AVAILABLE DATA ▸
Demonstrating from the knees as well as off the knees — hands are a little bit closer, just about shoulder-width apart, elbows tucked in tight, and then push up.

* * *

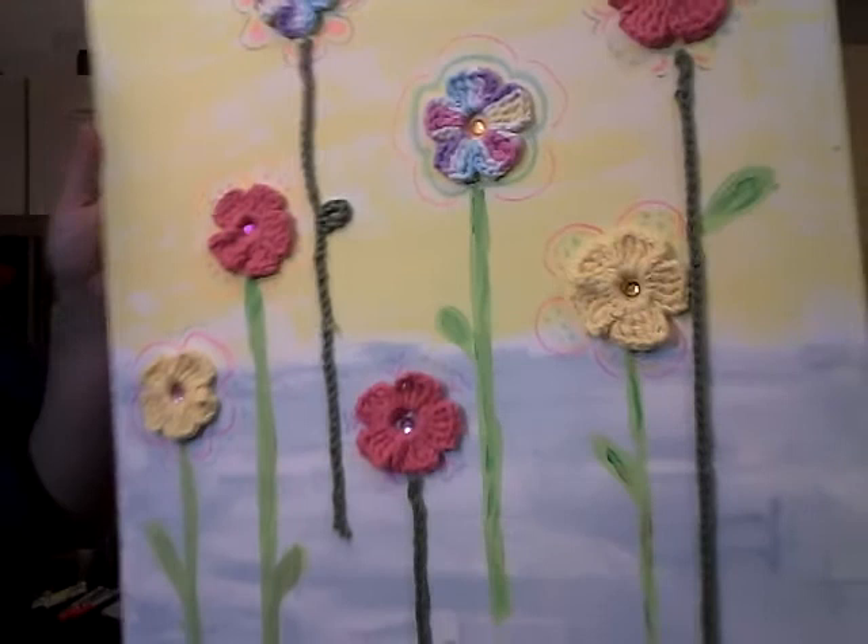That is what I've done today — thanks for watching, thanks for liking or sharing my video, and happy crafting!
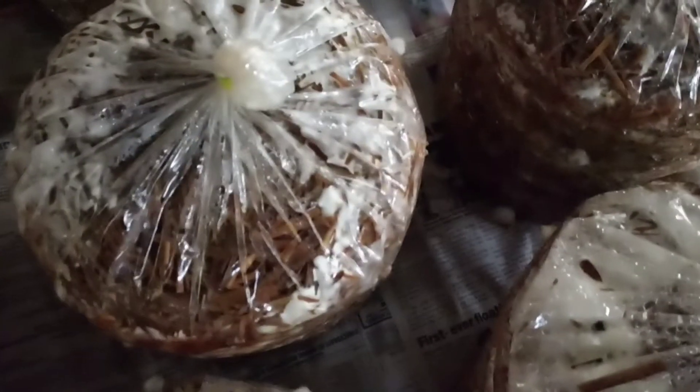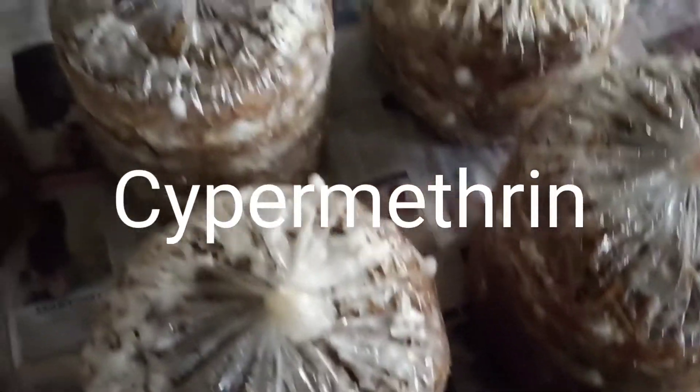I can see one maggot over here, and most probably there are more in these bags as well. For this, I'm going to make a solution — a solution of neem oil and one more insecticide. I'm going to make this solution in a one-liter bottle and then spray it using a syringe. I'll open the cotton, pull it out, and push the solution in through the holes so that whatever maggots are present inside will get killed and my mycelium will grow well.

---

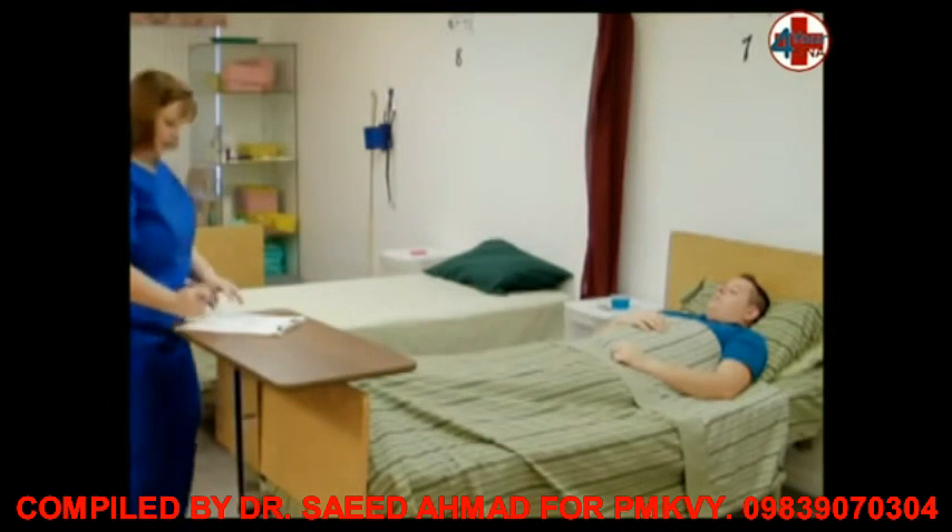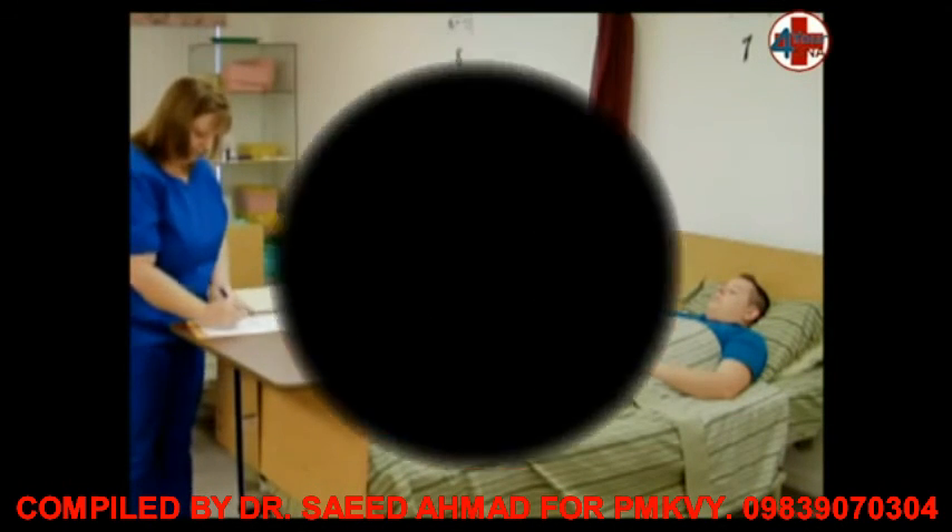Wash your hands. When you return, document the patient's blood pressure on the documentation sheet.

TASK DETAILS ▸ Reproduce the records above exactly, but only from the line with "That is what" up to and including the line with "I can see one". Leave the pictures out.

EXERCISE RESULT ▸
That is what I've done today — thanks for watching, thanks for liking or sharing my video, and happy crafting!
I can see one maggot over here, and most probably there are more in these bags as well. For this, I'm going to make a solution — a solution of neem oil and one more insecticide. I'm going to make this solution in a one-liter bottle and then spray it using a syringe. I'll open the cotton, pull it out, and push the solution in through the holes so that whatever maggots are present inside will get killed and my mycelium will grow well.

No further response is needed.